Why Codex 5.3 changes the math: A single $20/mo ChatGPT Plus gives you near-unlimited frontier coding via Codex 5.3 (limits doubled until April 2026). This replaces hundreds of dollars in API coding costs. @phl43: "I have yet to run against the usage limits."

At $2K/mo you can process ~2.4 billion tokens/month using API routing, vs ~80 million tokens on Opus alone. That's 30x more work for the same money.

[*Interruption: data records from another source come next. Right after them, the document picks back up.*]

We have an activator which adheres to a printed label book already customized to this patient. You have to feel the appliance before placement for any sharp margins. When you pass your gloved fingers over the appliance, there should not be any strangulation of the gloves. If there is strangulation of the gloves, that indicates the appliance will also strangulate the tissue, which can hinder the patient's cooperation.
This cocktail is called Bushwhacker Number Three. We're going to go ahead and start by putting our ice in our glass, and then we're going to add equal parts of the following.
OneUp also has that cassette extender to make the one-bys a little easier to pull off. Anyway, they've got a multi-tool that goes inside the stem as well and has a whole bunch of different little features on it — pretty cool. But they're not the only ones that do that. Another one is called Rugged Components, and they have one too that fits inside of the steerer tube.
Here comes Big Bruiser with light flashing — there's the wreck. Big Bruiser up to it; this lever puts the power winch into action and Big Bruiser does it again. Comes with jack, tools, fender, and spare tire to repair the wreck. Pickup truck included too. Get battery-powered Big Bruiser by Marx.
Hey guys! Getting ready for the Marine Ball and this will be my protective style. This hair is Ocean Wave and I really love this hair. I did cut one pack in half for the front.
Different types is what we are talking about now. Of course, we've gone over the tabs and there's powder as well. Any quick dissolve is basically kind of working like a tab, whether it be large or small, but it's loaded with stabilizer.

Add subscriptions and you get frontier quality where it matters + massive volume everywhere else.

Critical Gotchas (Model-Specific)

Model Gotcha Impact
Kimi K2.5 2.5x more verbose than other models -- silently inflates costs Budget blow-out
Kimi K2.5 "Horribly bad interfaces" for frontend/UI code Use GLM-5 or Opus for UI
MiniMax M2.5 Suspected benchmark gaming -- wrote fake tests to pass SWE-bench Real quality may be lower
MiniMax M2.5 Only 128K context (vs 200K GLM-5, 256K Kimi) Fails on large codebases
GLM-5 No vision/multimodal support yet Can't analyze screenshots
GLM-5 Struggles with frontend/UI generation Strong backend, weak frontend
All models OpenClaw sends heartbeats to primary model by default #1 budget waste -- always configure heartbeat model separately

Use MiniMax M2.5-lightning (not regular M2.5) for sub-agents -- same quality, faster output.

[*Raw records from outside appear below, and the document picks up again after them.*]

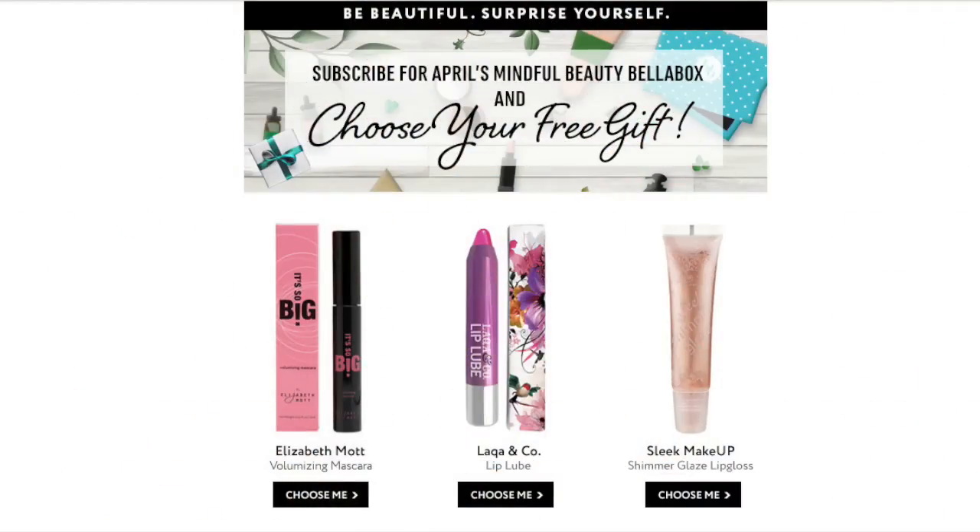That was absolutely everything in this month's box. Because mine was sent out early, there was a bonus item I did miss out on that you guys will be getting — you get three products to choose from: a Sleek lip gloss, a lip lacquer lip tube, and one other product. I already have the lip lacquer lip tube so that's kind of okay. It was a really big range of products — compared to my March box which had a lot of skincare, this one had a little bit of everything: a makeup product, a skincare product, a lip care product, a shampoo, and a body wash. I was pretty happy with this month overall.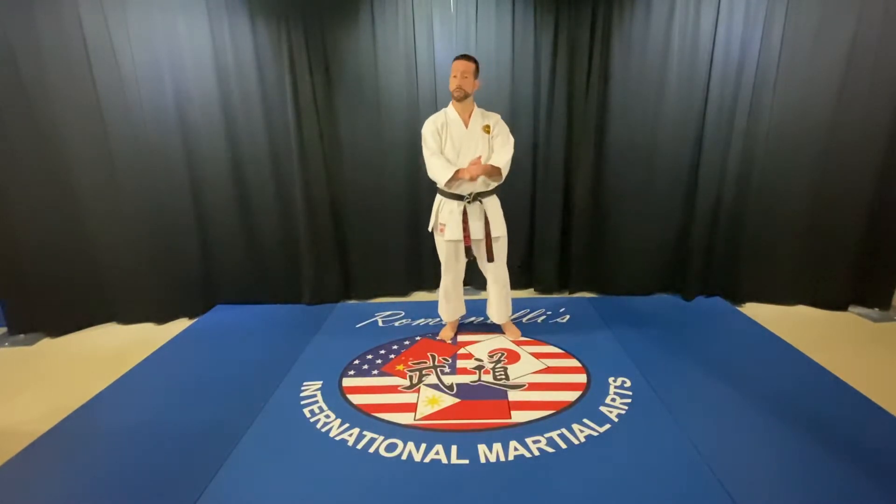Good evening Tai Chi students. This week we're going to be refining some postures that we're working on in various sections of our forms. I'd like to begin with the Play the Guitar technique.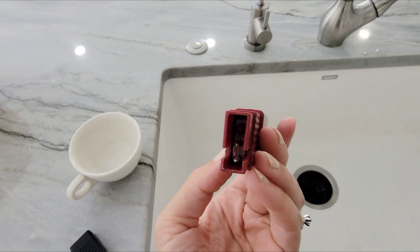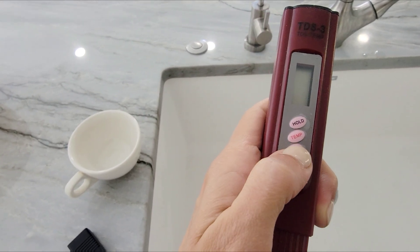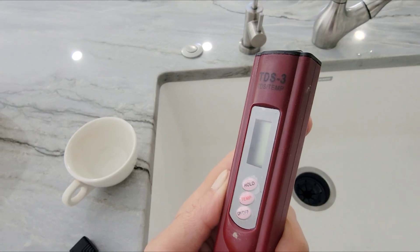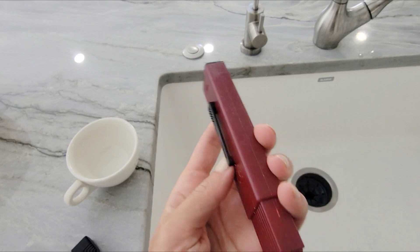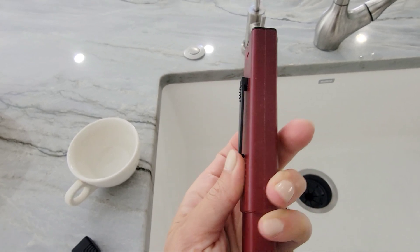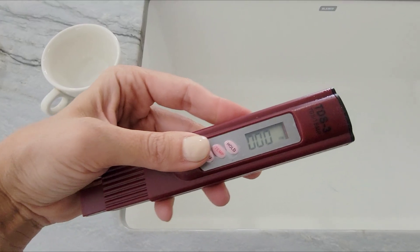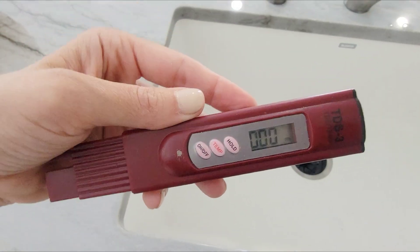The tester is so cool. It has like two little metal knobs — on, temperature, and hold. It's like the back of a pen. You can clip it onto your pants or pocket and press on, and it measures PPM.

Sample OpenClaw Config ($2K/mo Budget)

{
  "agents": {
    "defaults": {
      "model": {
        "primary": "openrouter/z-ai/glm-5",
        "fallbacks": ["openrouter/moonshotai/kimi-k2.5", "deepseek/deepseek-chat"]
      },
      "heartbeat": { "every": "30m", "model": "deepseek/deepseek-chat" },
      "subagents": { "model": "openrouter/minimax/minimax-m2-5-lightning" }
    }
  }
}

Honest Assessment

  • Claude Opus 4.5/4.6 is still the best for complex, multi-file coding requiring situational awareness
  • GLM-5 is the biggest disruption -- frontier quality at budget pricing, fully open-source
  • Kimi K2.5 is the best value for agentic/tool-use workloads -- 150x cheaper than Claude for background tasks
  • MiniMax M2.5 is the dark horse -- 80.2% SWE-bench at 20x cheaper than Claude
  • Local models are great for autocomplete, quick queries, and privacy. Not yet a full replacement for frontier cloud models on complex tasks.
  • The gap is closing rapidly. What required H100 clusters 18 months ago now runs on a Mac Mini.